[YOUR ASSIGNMENT]
The data is to be set down once more, exactly as it reads.

[SUPPLIED MATERIAL]
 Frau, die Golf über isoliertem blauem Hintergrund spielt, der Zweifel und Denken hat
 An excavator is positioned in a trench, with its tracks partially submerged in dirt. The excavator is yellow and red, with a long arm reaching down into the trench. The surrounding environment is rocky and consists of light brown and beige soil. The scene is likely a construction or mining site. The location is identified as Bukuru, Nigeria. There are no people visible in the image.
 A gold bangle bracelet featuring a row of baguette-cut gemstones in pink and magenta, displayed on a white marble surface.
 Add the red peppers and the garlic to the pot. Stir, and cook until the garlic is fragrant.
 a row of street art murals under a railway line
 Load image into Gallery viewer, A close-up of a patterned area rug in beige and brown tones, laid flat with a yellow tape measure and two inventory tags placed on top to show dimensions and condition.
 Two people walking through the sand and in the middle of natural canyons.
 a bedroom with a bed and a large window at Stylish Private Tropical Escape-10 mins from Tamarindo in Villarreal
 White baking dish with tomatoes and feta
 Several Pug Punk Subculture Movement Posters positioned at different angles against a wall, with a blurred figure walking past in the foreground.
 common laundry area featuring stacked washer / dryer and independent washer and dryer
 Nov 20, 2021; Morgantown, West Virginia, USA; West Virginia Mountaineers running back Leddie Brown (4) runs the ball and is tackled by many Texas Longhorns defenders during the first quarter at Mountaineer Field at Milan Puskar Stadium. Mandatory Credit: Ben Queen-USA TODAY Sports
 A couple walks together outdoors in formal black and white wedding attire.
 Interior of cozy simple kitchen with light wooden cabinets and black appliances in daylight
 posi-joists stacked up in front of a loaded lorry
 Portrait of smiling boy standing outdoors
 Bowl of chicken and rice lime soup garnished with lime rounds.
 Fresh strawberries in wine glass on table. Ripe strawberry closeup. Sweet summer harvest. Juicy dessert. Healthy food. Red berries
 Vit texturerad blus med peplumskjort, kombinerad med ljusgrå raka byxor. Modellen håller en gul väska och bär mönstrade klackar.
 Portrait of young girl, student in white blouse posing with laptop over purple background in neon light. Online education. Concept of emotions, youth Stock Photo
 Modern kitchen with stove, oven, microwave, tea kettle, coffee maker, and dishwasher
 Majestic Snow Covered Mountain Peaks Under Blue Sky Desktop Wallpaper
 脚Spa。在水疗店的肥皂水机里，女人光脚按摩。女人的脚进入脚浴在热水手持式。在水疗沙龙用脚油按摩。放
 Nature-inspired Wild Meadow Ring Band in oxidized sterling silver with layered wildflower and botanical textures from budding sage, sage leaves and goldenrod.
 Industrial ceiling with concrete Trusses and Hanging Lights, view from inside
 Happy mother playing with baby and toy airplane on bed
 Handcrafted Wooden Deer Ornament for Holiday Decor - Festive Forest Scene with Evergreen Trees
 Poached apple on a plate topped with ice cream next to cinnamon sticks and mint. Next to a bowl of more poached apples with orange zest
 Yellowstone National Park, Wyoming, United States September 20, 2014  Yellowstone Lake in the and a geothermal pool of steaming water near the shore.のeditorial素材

[TASK RESULT]
 Frau, die Golf über isoliertem blauem Hintergrund spielt, der Zweifel und Denken hat
 An excavator is positioned in a trench, with its tracks partially submerged in dirt. The excavator is yellow and red, with a long arm reaching down into the trench. The surrounding environment is rocky and consists of light brown and beige soil. The scene is likely a construction or mining site. The location is identified as Bukuru, Nigeria. There are no people visible in the image.
 A gold bangle bracelet featuring a row of baguette-cut gemstones in pink and magenta, displayed on a white marble surface.
 Add the red peppers and the garlic to the pot. Stir, and cook until the garlic is fragrant.
 a row of street art murals under a railway line
 Load image into Gallery viewer, A close-up of a patterned area rug in beige and brown tones, laid flat with a yellow tape measure and two inventory tags placed on top to show dimensions and condition.
 Two people walking through the sand and in the middle of natural canyons.
 a bedroom with a bed and a large window at Stylish Private Tropical Escape-10 mins from Tamarindo in Villarreal
 White baking dish with tomatoes and feta
 Several Pug Punk Subculture Movement Posters positioned at different angles against a wall, with a blurred figure walking past in the foreground.
 common laundry area featuring stacked washer / dryer and independent washer and dryer
 Nov 20, 2021; Morgantown, West Virginia, USA; West Virginia Mountaineers running back Leddie Brown (4) runs the ball and is tackled by many Texas Longhorns defenders during the first quarter at Mountaineer Field at Milan Puskar Stadium. Mandatory Credit: Ben Queen-USA TODAY Sports
 A couple walks together outdoors in formal black and white wedding attire.
 Interior of cozy simple kitchen with light wooden cabinets and black appliances in daylight
 posi-joists stacked up in front of a loaded lorry
 Portrait of smiling boy standing outdoors
 Bowl of chicken and rice lime soup garnished with lime rounds.
 Fresh strawberries in wine glass on table. Ripe strawberry closeup. Sweet summer harvest. Juicy dessert. Healthy food. Red berries
 Vit texturerad blus med peplumskjort, kombinerad med ljusgrå raka byxor. Modellen håller en gul väska och bär mönstrade klackar.
 Portrait of young girl, student in white blouse posing with laptop over purple background in neon light. Online education. Concept of emotions, youth Stock Photo
 Modern kitchen with stove, oven, microwave, tea kettle, coffee maker, and dishwasher
 Majestic Snow Covered Mountain Peaks Under Blue Sky Desktop Wallpaper
 脚Spa。在水疗店的肥皂水机里，女人光脚按摩。女人的脚进入脚浴在热水手持式。在水疗沙龙用脚油按摩。放
 Nature-inspired Wild Meadow Ring Band in oxidized sterling silver with layered wildflower and botanical textures from budding sage, sage leaves and goldenrod.
 Industrial ceiling with concrete Trusses and Hanging Lights, view from inside
 Happy mother playing with baby and toy airplane on bed
 Handcrafted Wooden Deer Ornament for Holiday Decor - Festive Forest Scene with Evergreen Trees
 Poached apple on a plate topped with ice cream next to cinnamon sticks and mint. Next to a bowl of more poached apples with orange zest
 Yellowstone National Park, Wyoming, United States September 20, 2014  Yellowstone Lake in the and a geothermal pool of steaming water near the shore.のeditorial素材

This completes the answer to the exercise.